А когда выходит на улицу, думает: нет, такое не заживает. Обман ранит душу больнее всего, и за долгую жизнь не проходит, остается болезненным, неприкасаемым, этот темный, кровоточащий рубец. Человек — очень хрупкая штука. Нужно с первого дня с человеком быть бережным. С его первого чувства, с первого шага. Врать, хитрить с человеком — это даже не смелость, не ум, это трусость, рожденная равнодушием… Мы совсем не удерживаем себя от насмешливого словца, от дурного поступка, словно все еще впереди, время есть, нам простится, еще будет хорошее; нас, и черненьких, кто-то полюбит… Но когда-то в жестокий момент наступает расплата. И тогда, с опозданием, начинаешь и ты понимать, что в душе уже нет той сияющей первозданности, чистоты и что время упущено и теперь никогда уже ничего не исправить.

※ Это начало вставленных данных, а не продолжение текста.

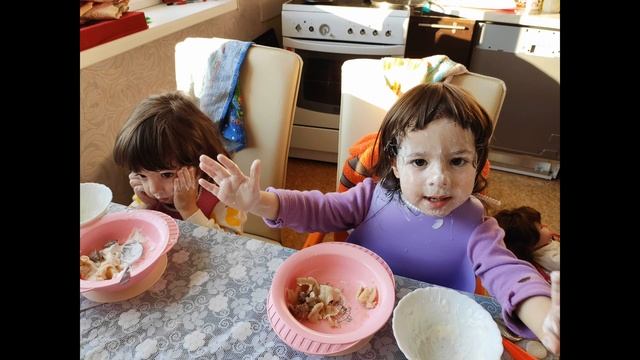 Песня, которая теперь звучит в голове / Милое поздравление на День Рождение смотреть онлайн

Павел вышел из клиники в мокрый, сеющий снег. Он шагал по бульварам, свернул переулком к метро и, вдохнув эту влажную сырость уходящей зимы, улыбнулся чему-то совсем непонятному в своей жизни: неожиданно захотелось вернуться к столу, прикрытому простынями, под слепящий рефлектор, к сверкающим инструментам: на земле, как и в море, были штормы и бури, и кто-то горел, а кто-то тонул, а он, Павел Горбов, волен теперь — и умеет — возвратить отца детям, жене — мужа, влюбленного — его юной невесте, дочь — отцу, а Лизе, лежащей сейчас одиноко во тьме, — ее радость и веру в хорошую, чистую, добрую жизнь. От сознания этого ему сделалось радостно и легко на душе.

На деревьях ворочались, переругиваясь, устраивались на ночлег, видать, только что прилетевшие с юга грачи, и он с добродушной, шутливой улыбкой подумал: «Ну, вот, безобразие… Опять в город приходит весна!»

Он резко свернул у метро — и пошел назад, в клинику.


Песня

Недавно в газете я прочитала про батьку Миная, знаменитого белорусского партизана. Как фашисты взяли заложниками его четверых детей. Всю семью. И как дети писали ему из фашистского плена, чтобы он не сдавался. «Нас убьют и тебя убьют, а если ты не придешь и убьют только нас, так хоть ты потом за всех отомстишь…» И тут же припомнилось что-то похожее, затрепетало в душе, как облако, какое-то смутное, темное воспоминание.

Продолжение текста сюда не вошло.